Gov. Jerry Brown declared a state of emergency for those Southern California areas impacted by the Holy Fire in Orange and Riverside Counties—this fire had grown through the night prior. The fires burning in Northern California—now 60 percent contained—aren’t expected to be brought under full control for months. A particularly long triple-digit heat wave has exacerbated fire intensity and challenged fire crews working to control the blazes.
At the latest count, wildfires in the state have killed six people, destroyed over 1,000 homes and scorched over 130,000 acres. “Steep terrain, erratic winds and previously unburned fuels,” are to blame for the size and speed of the fires according to Cal Fire, the state’s fire agency. While it may seem that the West’s seasonal wildfires are growing in severity—at least for those in range of the fires—statistics suggest more of a spike as part of a normal cycle that typically follows periods of higher than average rainfall.
Assessing the trends
From 1999 to 2017, the total burned area by fires declined 25 percent according to the journal, Science. The number of wildfires in California has actually declined since the last peak in 1980 (following an above-average rainfall), according to USGS data. Some correlate fewer wildfires in California to effective prevention programs.
Cal Fire, for one, has spent decades on its wildfire prevention program and says that nearly 95 percent of all fires are contained to 10 acres or less. It’s the remaining five percent that has the state in a cloud of ash and smoke as of late. Last winter’s record winter rains spawned plant growth, fuel for fires, that were non-existent during the drought. Grass (fine fuel) fires burn faster and accelerate the number of acres burned according to research from the U.C. Merced Sierra Nevada Research Institute.
Wildfires are common, and necessary, in densely-wooded areas and grasslands. Ignited by lightning strikes or by a careless campfire, swaths of America’s northwest forest have historically burned every five to 20 years. Wildfires regenerate forests and return nutrients to the soil—a cycle required for the reproduction of some plants.
The accumulation of undergrowth, saplings and dead trees create conditions in which a fire can spread rapidly. Reductions in logging have also created more densely packed forests. “To maintain good forest health… you need fire,” says Ernesto Alvarado of the University of Washington and expert on large fires. While some burns are prescribed, they are a fraction of what is required.
Like earthquakes and mudslides, wildfires are one of the known natural threats of living in many parts of California. Cal Fire has rated state areas according to 3 levels of wildfire risk: Moderate, High and Very High. In addition to allocating responsibility for managing and fighting fires in Very High Fire Hazard Severity Zones (VHFHSZ), Cal Fire also supervises these target areas for prevention (clearing brush), emergency planning and red-flagging risk to local jurisdictions.
The Oakland Hills firestorm of 1991 is most notable example of a wildfire’s impact on residential property, including the 437-unit apartment community of Parkwood.
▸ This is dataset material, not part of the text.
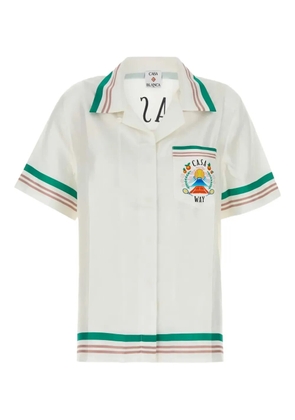 Casablanca gradient-effect heart-monogram shirt - White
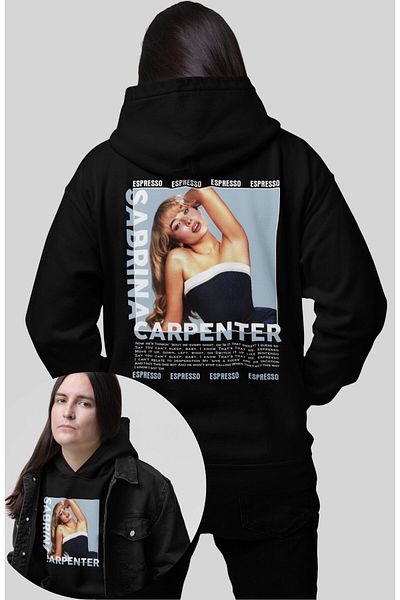 Fuddy Moda Hanorac cu glugă oversize unisex cu imprimeu pe spate Espressoo - Hanorac cu glugă cu scris Sabrina Carpenter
Though there were many remarkable details about that fire, the speed at which the entire garden property was engulfed in flames, about 30 minutes, might be the most notable for property owners going forward.
Wildfires—as with most emergencies—are known for their rapid escalation. While it’s remarkable given the circumstances that no lives were lost at Parkwoods inside those 30 minutes, not much else came through the catastrophe. Parkwood might be the strongest case study for having an emergency preparedness program for apartments, as well as for residents personally. One firestorm survivor of Parkwood says that in addition to an appreciation for life brought about by the tragedy, she now always carries renter’s insurance and a to-go bag with essentials.
Another result of the Oakland fire is the “Bate’s” bill that was passed to help remediate wildfire encroachment into residential areas, and to clarify and expedite response to such events. Code 51175 now requires Cal Fire to evaluate hazard severity where local jurisdictions are responsible and make specific recommendations for action.